I’ll also be featuring colleagues in the field who are using yoga and yoga therapy in their nutrition practices. I’m inspired by this collection of practitioners. Thinking back to 2006-2007, when my first book came out, I was at FNCE (the Food and Nutrition Conference and Exhibition, the AND conference), and a tiny dark-haired woman came up to me at my booth, smiling ear to ear. She introduced herself, and only years later did I realize how sisterly we were. It was Beverly Price – a dietition-yoga teacher blending the two to help people with eating disorders. Now, Beverly owns a center in MI with an integrated staff including MDs, RDNs, and RYTs offering yoga-based therapies. She’s my business hero!
My work at Kripalu gives me a visible perch and happily, RDN-RYTs come to me when they are passing through. That’s how I met Andrea Leiberstein, a dietitian who works with mindful eating researcher Jean Kresteller on the program Mindfulness-Based Eating Awareness Training (MB-EAT), offered at Kripalu and elsewhere. Andrea also trains health professionals to use Mindful Eating to help with weight and eating.
There are so many more RDNs in this budding field and I look forward to featuring them over the next months here on the blog, but if you are at FNCE, check out our talk on Sunday morning. If our last talks are any indication, it will be STO, so get there early!
For anyone in DIFM, I will be giving a short demo on plant energetics with a plant-song device from Italy at the Happy Hour, But I have to say, the best reason to stop by there is to see the incomparable Kathie Swift get yet another award (how does she find room on her mantle for all her awards?) for Lifetime Achievement in Integrative and Functional Nutrition.

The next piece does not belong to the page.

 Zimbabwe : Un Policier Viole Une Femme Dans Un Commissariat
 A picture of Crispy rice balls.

I will also be at the Member Product Marketplace on Monday, offering special pricing and free shipping on my 2 books, and a special on my CE-program: Yoga and Meditation: Tools for Weight Management through Wolf Rinke. Please do come by!
It’s been quite a ride, being a student and teacher of yoga over the last two decades. Like riding a tsunami. At this point, yoga has washed over the country, and nearly every single family in America has been touched. Who’d ever thought that so many of our moms, dads, aunts, and preschool cousins would be doing yoga?

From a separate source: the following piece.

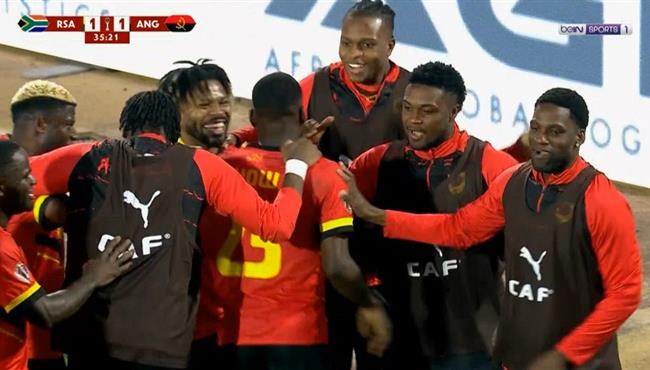 هدف تعادل انجولا الرائع بالكعب مع جنوب أفريقيا 1 1 واحتفال شيكو بانزا مع اللاعبين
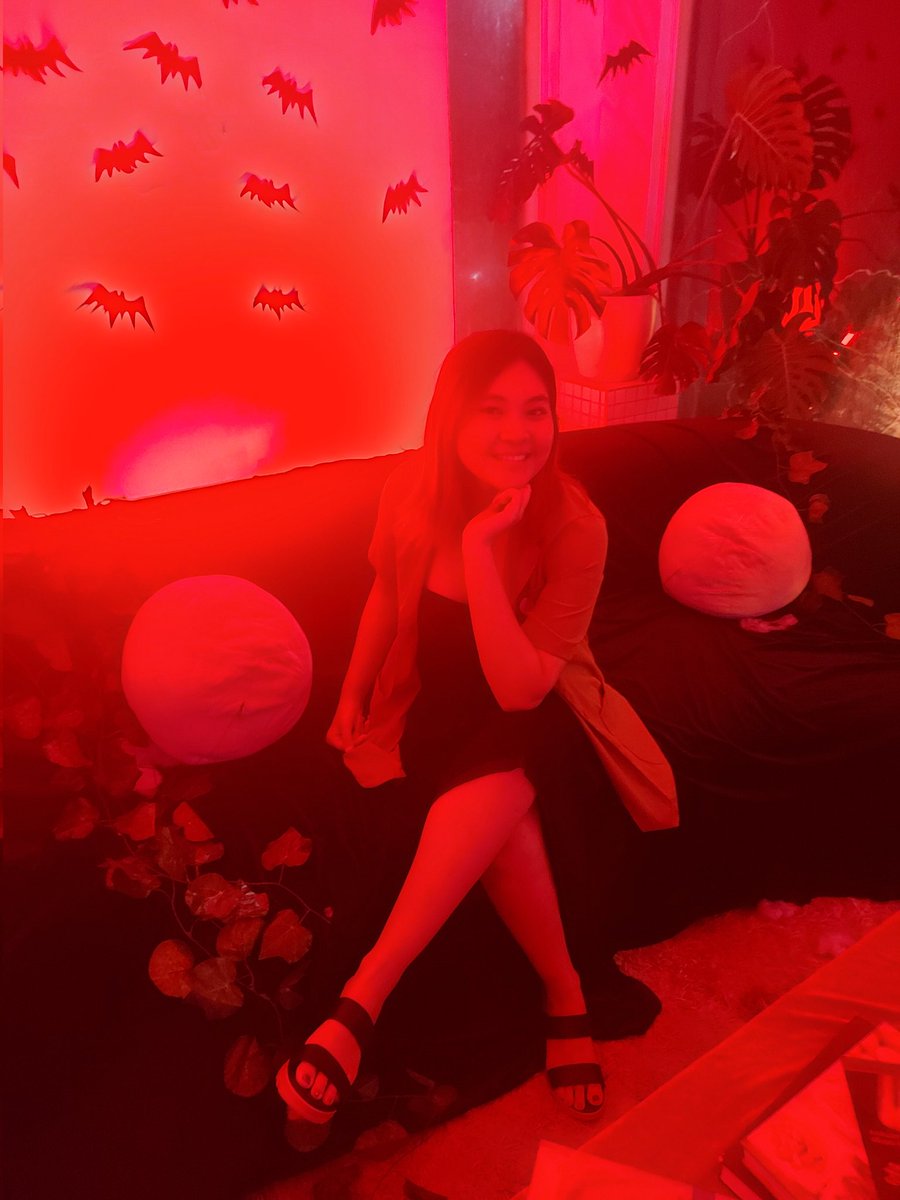 fabulous_sugoi's tweet photo. Oh what a mesmerizing, paralyzing night full of thrills
Thank you for this @UMUSICPH had so much fun ππ #ORVampFireNight https://t.co/cbcAHOuq3f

So, it’s really high time for the International Association of Yoga Therapists (IAYT) to hold their first Symposium on Yoga Therapy and Research (SYTAR). A fascinating collection of clinical researchers, medical professionals, and yogis and yoginis will gather in LA in mid-January to discuss the state of this rapidly growing field.
When I first began teaching yoga, I was amazed at the quasi-health advisor role that many yoga teachers play with just a month or two of training (and those were the ones to take more comprehensive training). This after training for nearly twenty years to become a Registered Dietitian, qualified to skillful counsel people on what they should eat, or how to determine therapeutic nutritional needs.
Well, things are getting better, as far as defined national certifications for yoga teachers (though many rightfully mourn what is lost with the quantification of yoga training, when it was traditionally a Guru-teacher style training, and the guru followed his own track – the trackless track).
Coming back to therapeutics and the symposium, my abstract: Yoga and nutrition for weight management: a case study in program rationale and design was accepted for inclusion in the program. Who-ho. I’ll post the abstract here after the conference, as I think I need to let the IAYT have first publication rights.
Yoga therapy is a gem for those with mind-body issues, include weight and eating issues. Having all these yogis gathering to talk about ‘what works best for this, what works best for that, and still keeping it the wonderful practice that it is’…will benefit us all.